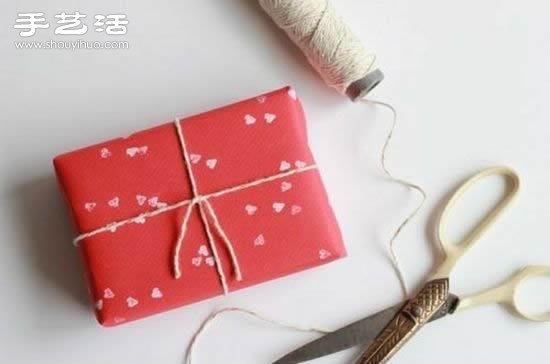 簡(jiǎn)單創(chuàng)意小制作 DIY心形圖案禮品包裝 -  rpnrmr.com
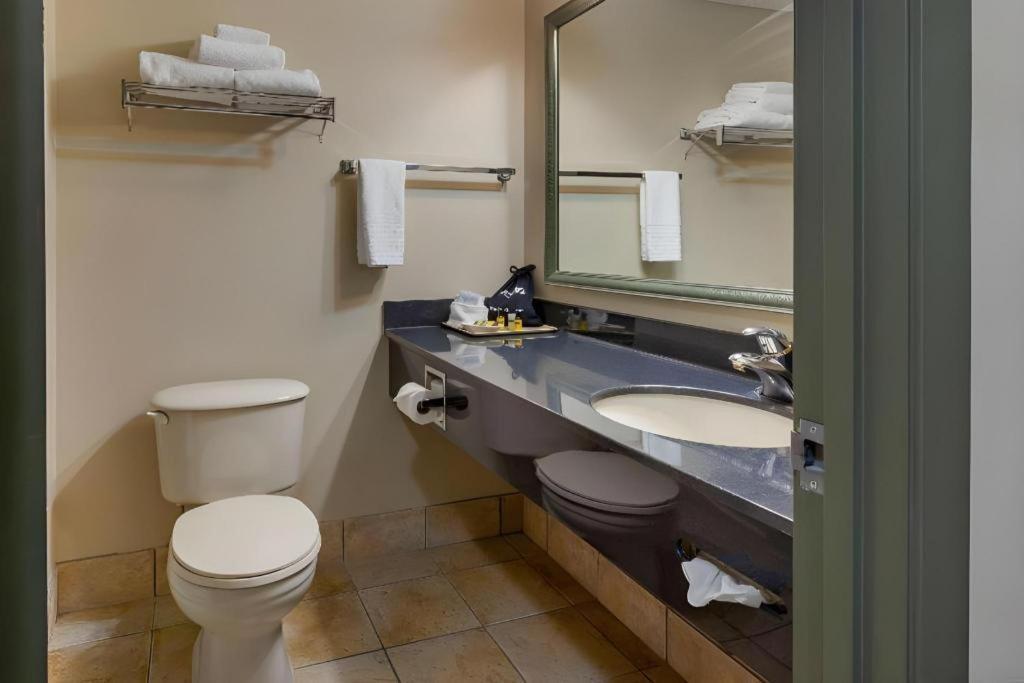 Best Western Plus Orillia Hotel ภายนอก รูปภาพ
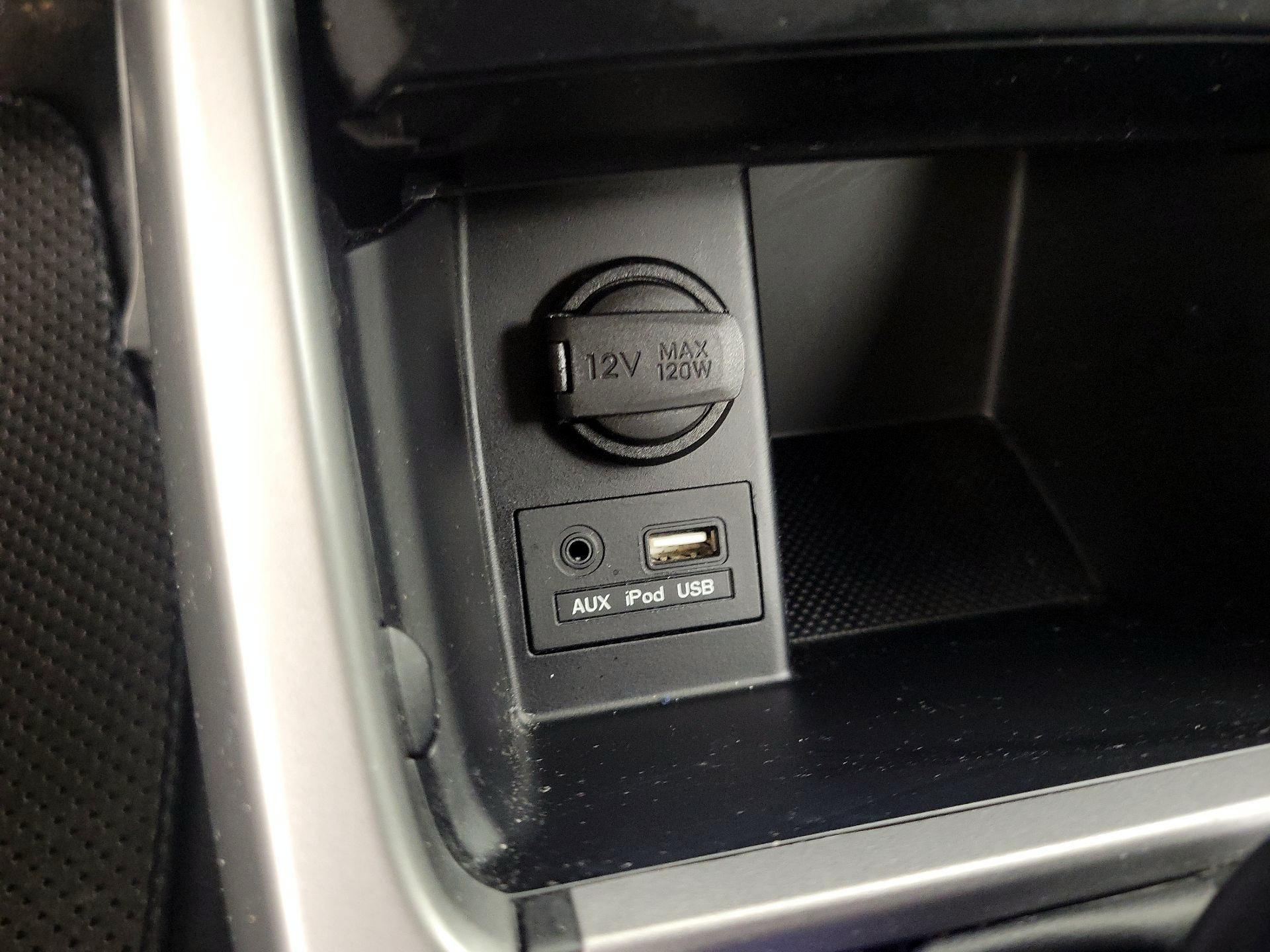 Thumbnail: 2016 Hyundai Elantra - 17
+ + + + +
**Task to carry out:** Where the line containing "Best Western Plus" appears, begin writing out the lines exactly, and continue through the end of the material above, omitting pictures.

**Written response:**
 Best Western Plus Orillia Hotel ภายนอก รูปภาพ
 Thumbnail: 2016 Hyundai Elantra - 17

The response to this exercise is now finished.